§ Work required
An exact reprint of the listing is required, with no pictures included.

§ Data excerpts
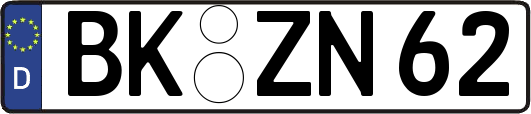 BK-ZN62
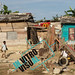 Christopher Jimenez Photo 36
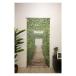 Fullness M6718 leaf wall мульти- экран производитель прямая поставка 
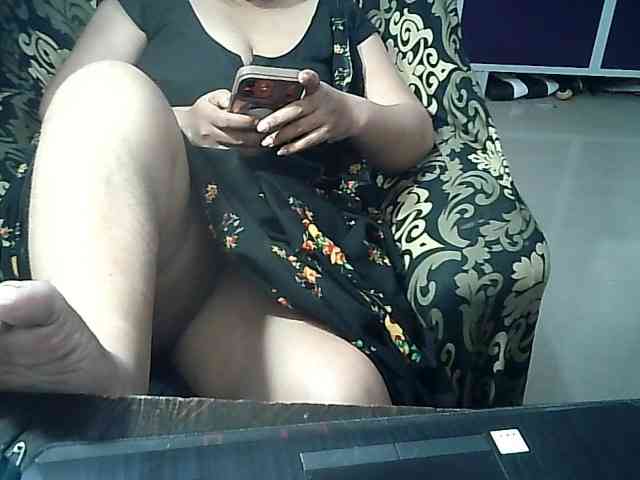Indianbhabhimilf40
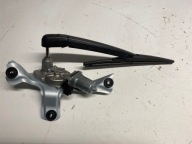 GESTÄNGE MOTOR HECKWISCHER KIA STONIC 17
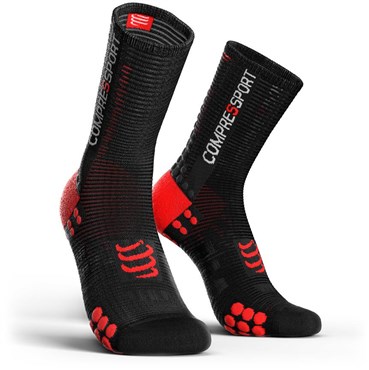 compressport - Racing Socks V3.0 compressport - Racing Socks V3.0
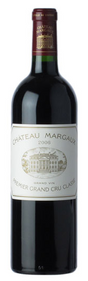 2006 | Château Margaux | Margaux at CaskCartel.com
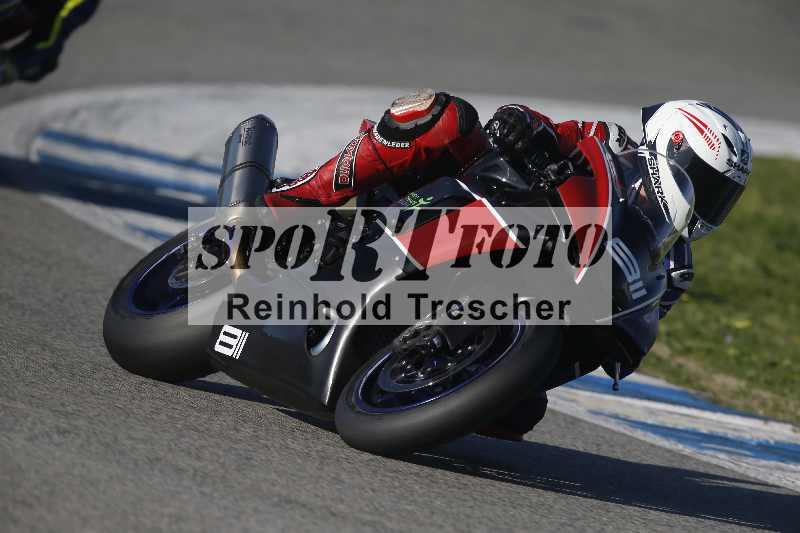 /Archiv-2024/01 26.-28.01.2024 Moto Center Thun Jerez/Gruppe rot-red/811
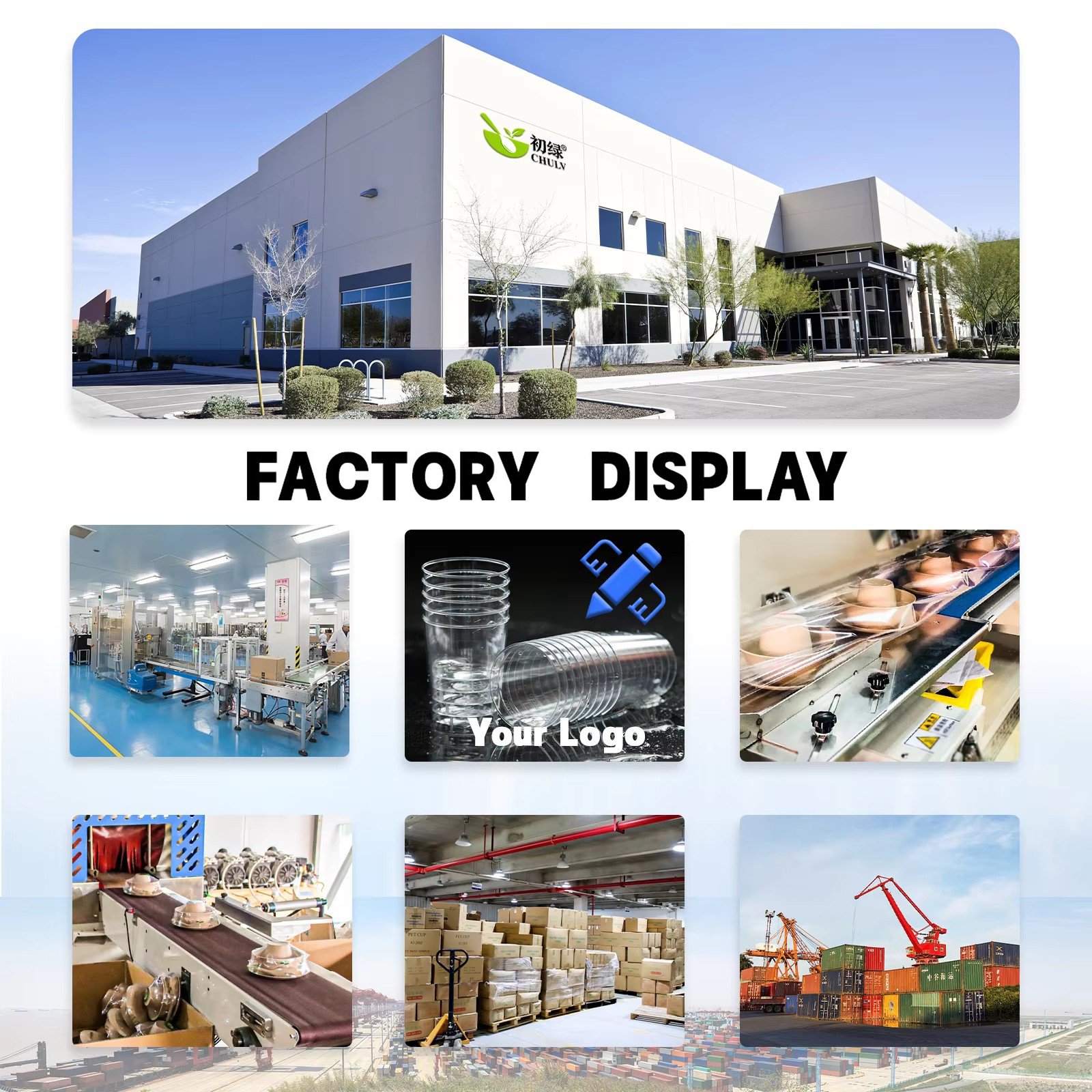 家居與廚房婚禮裝飾餐具組合咖啡酒具套裝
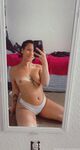 Onlyfans Leaked Photos - Urpocketbae - Photos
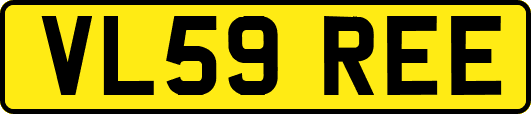 VL59REE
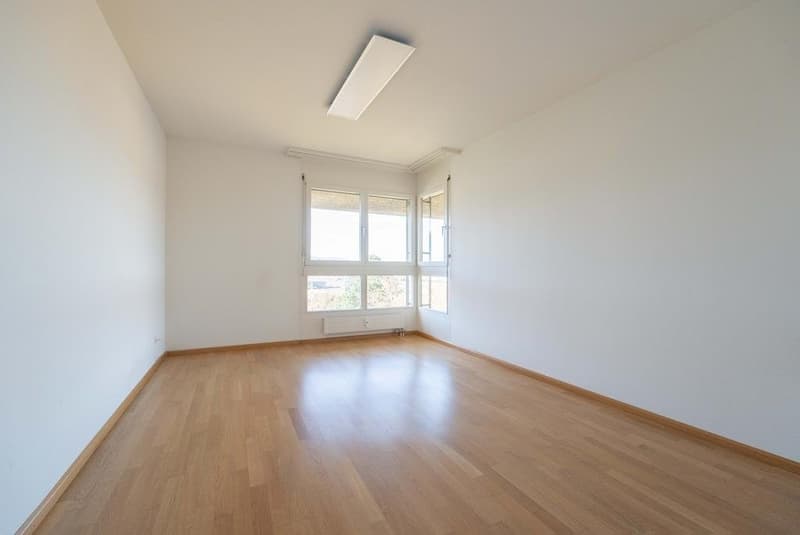Zimmer (Beispielbild)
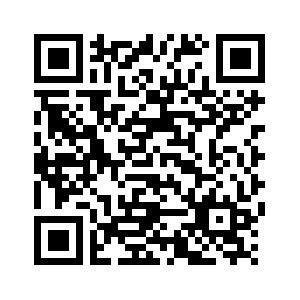 Share to Instagram QR Code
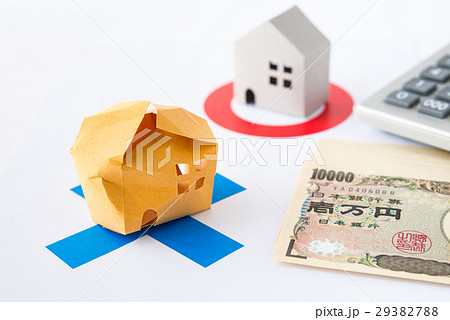 物件の見分け方 ポイント 住まい選び 比較 欠陥住宅 良物件 手抜き工事 査定 物件の見分け方 ポイント 住まい選び 比較 欠陥住宅 良物件 手抜き工事 査定 29382788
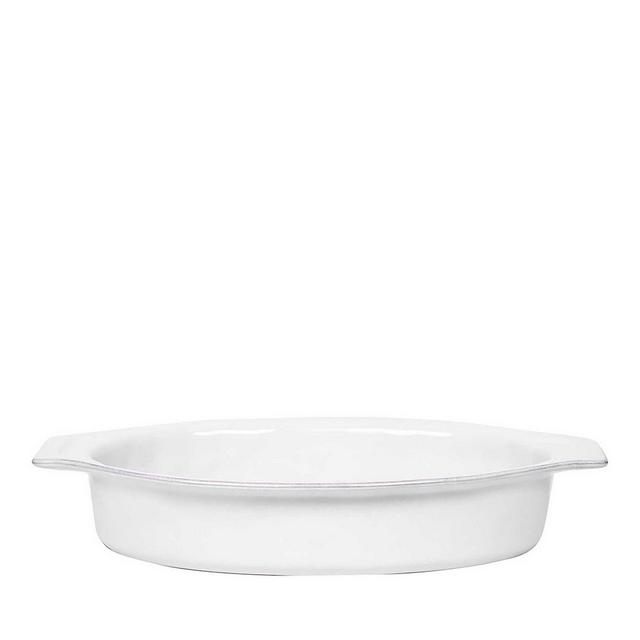 Puro 16" Oval Baker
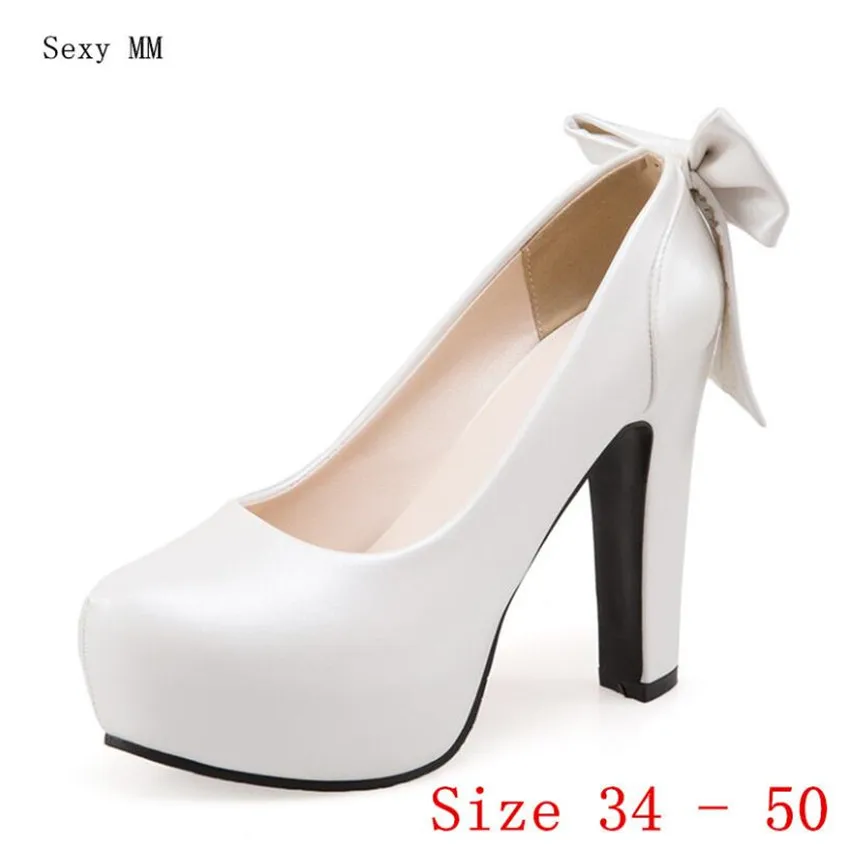 QQ截图20201109142332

§ Solution
 BK-ZN62
 Christopher Jimenez Photo 36
 Fullness M6718 leaf wall мульти- экран производитель прямая поставка 
Indianbhabhimilf40
 GESTÄNGE MOTOR HECKWISCHER KIA STONIC 17
 compressport - Racing Socks V3.0 compressport - Racing Socks V3.0
 2006 | Château Margaux | Margaux at CaskCartel.com
 /Archiv-2024/01 26.-28.01.2024 Moto Center Thun Jerez/Gruppe rot-red/811
 家居與廚房婚禮裝飾餐具組合咖啡酒具套裝
 Onlyfans Leaked Photos - Urpocketbae - Photos
 VL59REE
Zimmer (Beispielbild)
 Share to Instagram QR Code
 物件の見分け方 ポイント 住まい選び 比較 欠陥住宅 良物件 手抜き工事 査定 物件の見分け方 ポイント 住まい選び 比較 欠陥住宅 良物件 手抜き工事 査定 29382788
 Puro 16" Oval Baker
 QQ截图20201109142332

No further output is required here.